Re: Migrating Beam SQL to Calcite's code generation

Raise this thread.
Seems there're more changes in the backend on how a FUNCTION is executed in the backend, as noticed in #6996:
1. BeamSqlExpression and BeamSqlExpressionExecutor are removed;
2. BeamSqlExpressionEnvironment are removed;

1. for Calcite defined FUNCTIONS, it uses Calcite generated code (which is great and duplicate work is worthless);
2. no way to access Beam context now;

For #2, I think we need to find a way to expose it, at least our UDF/UDAF should be able to access it to leverage the advantages of Beam module.

Any comments?

On Wed, Sep 19, 2018 at 2:55 PM Rui Wang <ruwang@xxxxxxxxxx> wrote:
This is a so exciting change!

Since we cannot mix current implementation with Calcite code generation, is there any case that Calcite code generation does not support but our current implementation supports, so switching to Calcite code generation will have some impact to existing usage?
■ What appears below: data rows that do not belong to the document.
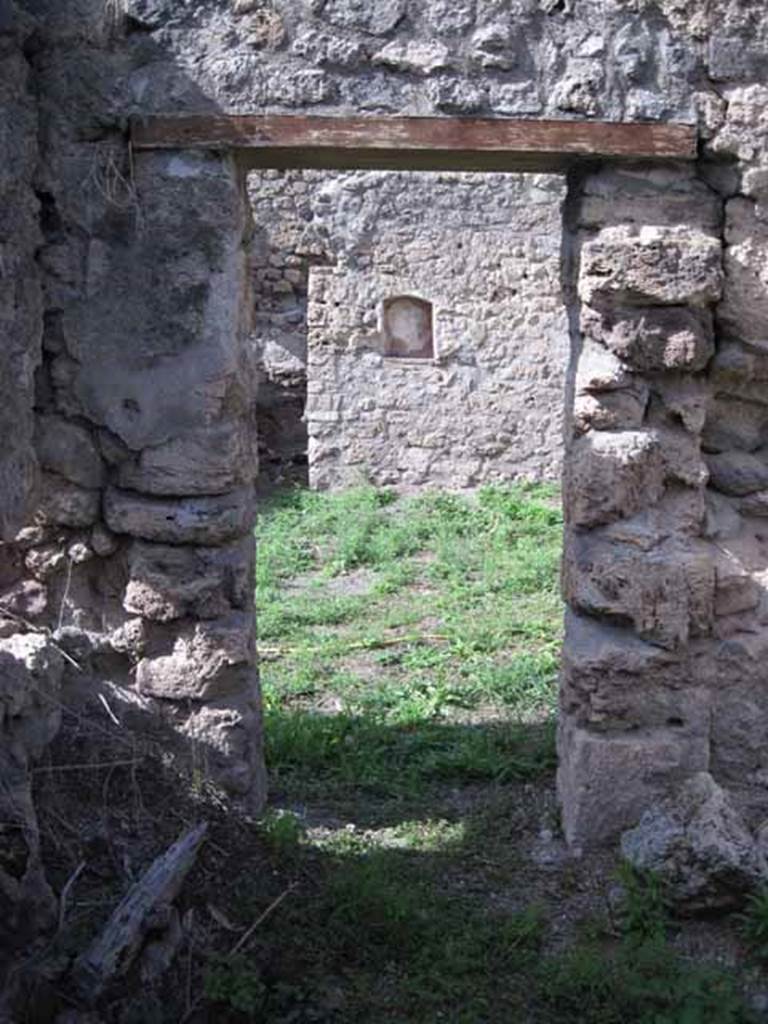 I.2.22 Pompeii. September 2010. Doorway leading north into shop. Photo courtesy of Drew Baker.
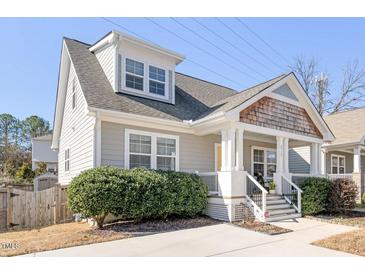 Charming home with a classic front porch and well-maintained landscaping at 2715 Edmund St, Durham, NC 27705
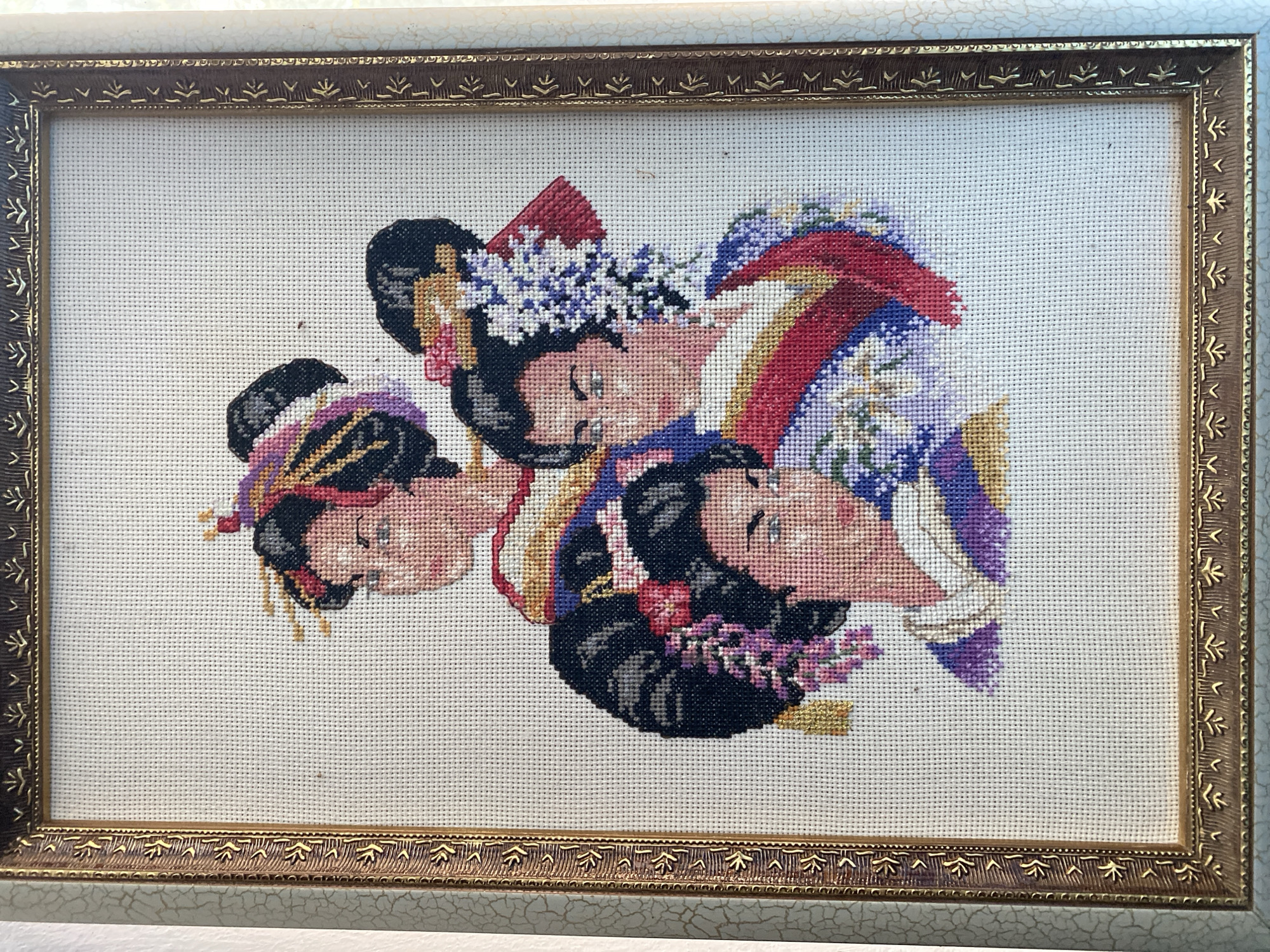 The image displays a framed cross-stitch artwork featuring the portraits of three women in traditional Japanese attire, depicted from the chest up. The women have dark hair styled elaborately with ornaments and flowers. Their faces are rendered with delicate features and subtle expressions. They wear colorful kimonos with intricate patterns and bold red sashes. The background is a plain white fabric, characteristic of cross-stitch. The frame is ornate, with a textured, aged-gold finish and decorative patterns along its edges. The artwork is hung on a wall with a light, textured wallpaper. The scene is indoors, suggesting a domestic or display setting. The location is unspecified.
On Wed, Sep 19, 2018 at 11:53 AM Andrew Pilloud <apilloud@xxxxxxxxxx> wrote:
To follow up on this, the PR is now in a reviewable state and I've added more tests for FLOOR and CEIL. Both work with a more extensive set of arguments after this change. There are now 4 outstanding calcite PRs that get all the tests passing.

Unfortunately there is no easy way to mix our current implementation and using Calcite's code generator.


On Mon, Sep 17, 2018 at 3:22 PM Mingmin Xu <mingmxus@xxxxxxxxx> wrote:
Awesome work, we should call Calcite operator functions if available.

I haven't get time to read the PR yet, for those impacted would keep existing implementation. One example is, I notice FLOOR/CEIL only supports months/years recently which is quite a surprise to me.


On Mon, Sep 17, 2018 at 3:03 PM Anton Kedin <kedin@xxxxxxxxxx> wrote:
This is pretty amazing! Thank you for doing this!


On Mon, Sep 17, 2018 at 2:27 PM Andrew Pilloud <apilloud@xxxxxxxxxx> wrote:
I've adapted Calcite's EnumerableCalc code generation to generate the BeamCalc DoFn. The primary purpose behind this change is so we can take advantage of Calcite's extensive SQL operator implementation. This deletes ~11000 lines of code from Beam (with ~350 added), significantly increases the set of supported SQL operators, and improves performance and correctness of currently supported operators. Here is my work in progress: https://github.com/apache/beam/pull/6417

There are a few bugs in Calcite that this has exposed:

Fixed in Calcite master:
  • CALCITE-2321 - The type of a union of CHAR columns of different lengths should be VARCHAR
  • CALCITE-2447 - Some POWER, ATAN2 functions fail with NoSuchMethodException
Pending PRs:
  • CALCITE-2529 - linq4j should promote integer to floating point when generating function calls
  • CALCITE-2530 - TRIM function does not throw exception when the length of trim character is not 1(one)
More work:
  • CALCITE-2404 - Accessing structured-types is not implemented by the runtime
  • (none yet) - Support multi character TRIM extension in Calcite
I would like to push these changes in with these minor regressions. Do any of these Calcite bugs block this functionality being adding to Beam?